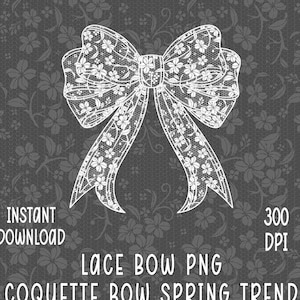 May include: White lace bow with a delicate floral pattern. The bow is isolated on a gray background with a floral pattern. The text "Lace Bow PNG Coquette Bow Spring Trend" is below the bow.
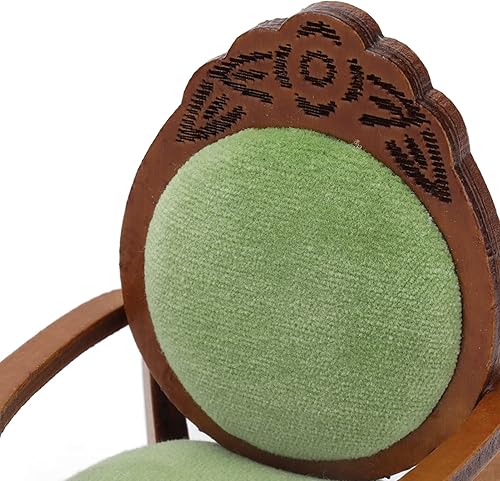 Miniatura 3 de Casa de muñecas - Sofá vintage en miniatura, silla de durazno granate, casa de muñecas, accesorio de sofá individual retro, portátil, para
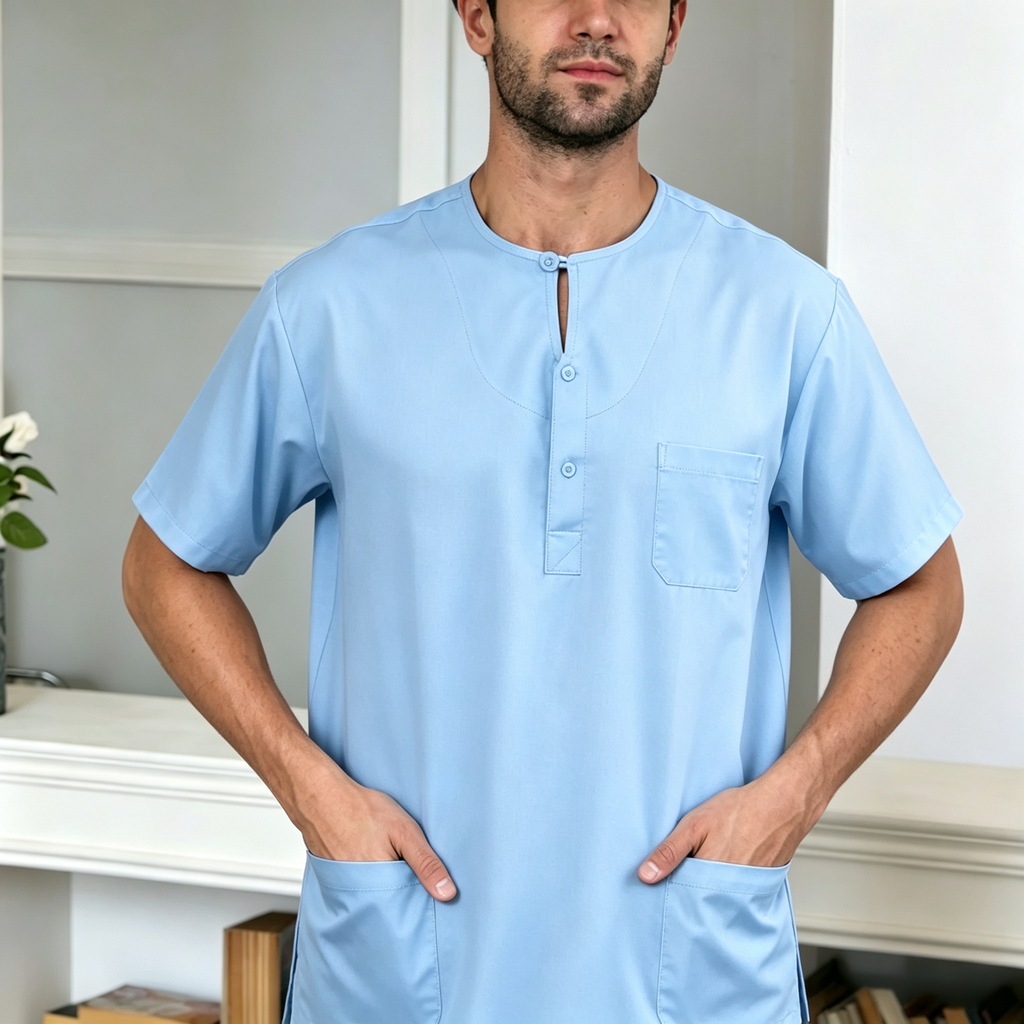 Premium One-Button Kurta | Ironless Abloh Crepe - Tailored Sophistication for Men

> _What is expected_
Print every line above exactly. Leave the pictures out.

> _Task result_
 May include: White lace bow with a delicate floral pattern. The bow is isolated on a gray background with a floral pattern. The text "Lace Bow PNG Coquette Bow Spring Trend" is below the bow.
 Miniatura 3 de Casa de muñecas - Sofá vintage en miniatura, silla de durazno granate, casa de muñecas, accesorio de sofá individual retro, portátil, para
 Premium One-Button Kurta | Ironless Abloh Crepe - Tailored Sophistication for Men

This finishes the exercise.